Our review included two studies that evaluated the comparative effectiveness of HFNC oxygen in patients with DNI and/or DNR orders. The first retrospective observational study compared HFNC oxygen with conventional oxygen in patients with DNR and DNI orders and malignancy—and found no change in dyspnea—but did note an increase in mortality with HFNC oxygen (76% versus 51%).18 The second observational study compared HFNC oxygen with NPPV in patients with DNR orders with malignancy noted no difference in mortality.17 In patients with full-code orders, systematic reviews have shown that HFNC oxygen (compared with conventional oxygen) was associated with possible reductions in intubation rates, respiratory rates, and improvements in oxygenation—with no difference in mortality, dyspnea, patient comfort, or ICU/hospital length of stay. Compared with NPPV, HFNC oxygen was associated with similar rates of intubation and mortality.4-6,21
Future studies in patients with acute respiratory failure and DNI and/or DNR orders should identify which treatment modality (HFNC oxygen compared with other modalities, such as NPPV, conventional oxygen, with or without palliative opioids) impacts outcomes, such as dyspnea reduction while maintaining an alert mental status, short- and long-term quality of life in survivors, and quality of death in nonsurvivors. Future studies should also identify the optimal treatment pathway to utilize when patients using HFNC oxygen fail this therapy (eg, transition to NPPV versus intensifying palliative opioids) as well as the optimal process to withdraw palliative HFNC oxygen.22 Identifying which patient populations may benefit from different treatment pathways should also be considered as different treatment strategies may be more beneficial in different patient populations (eg, based on cause and severity of acute respiratory failure). In addition, it should be noted that the primary goal of care might affect which outcomes are the most important to measure. While patients with comfort measures only, orders usually have a primary goal to prepare for a high-quality death, patients with DNI and/or DNR orders (but without comfort measures only orders) may have a primary goal to survive—but with the desire not to endure the high burden of intubation and mechanical ventilation if it became necessary. Finally, future studies should utilize high-quality study designs (eg, randomized controlled trials) that enable robust evaluation of comparative effectiveness of clinically relevant treatment strategies.
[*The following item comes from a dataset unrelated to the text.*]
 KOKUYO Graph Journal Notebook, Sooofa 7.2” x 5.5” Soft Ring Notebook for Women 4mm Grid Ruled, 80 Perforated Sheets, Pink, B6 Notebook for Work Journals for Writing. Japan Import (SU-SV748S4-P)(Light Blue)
While several previous systematic reviews have evaluated the efficacy of HFNC in patients with acute respiratory failure without preset limitations on life support; to our knowledge, this is the first systematic review to assess outcomes in patients rigorously with preset treatment limitations. Our review is, however, limited by the high risk of bias of the studies that were included (single-center nature, retrospective observational study designs, small sample sizes, and lack of a description of how DNI and/or DNR statuses were determined) as well as the small number of studies available to be included.
This systematic review points to a significant evidence gap in our understanding of the role for HFNC oxygen (compared with other acceptable alternative treatment strategies) in adult patients with acute respiratory failure who have DNI and/or DNR orders. Further high-quality research is needed to explore these unanswered questions in an effort to best treat, guide, and engage in optimal end-of-life decision making among patients with acute respiratory failure.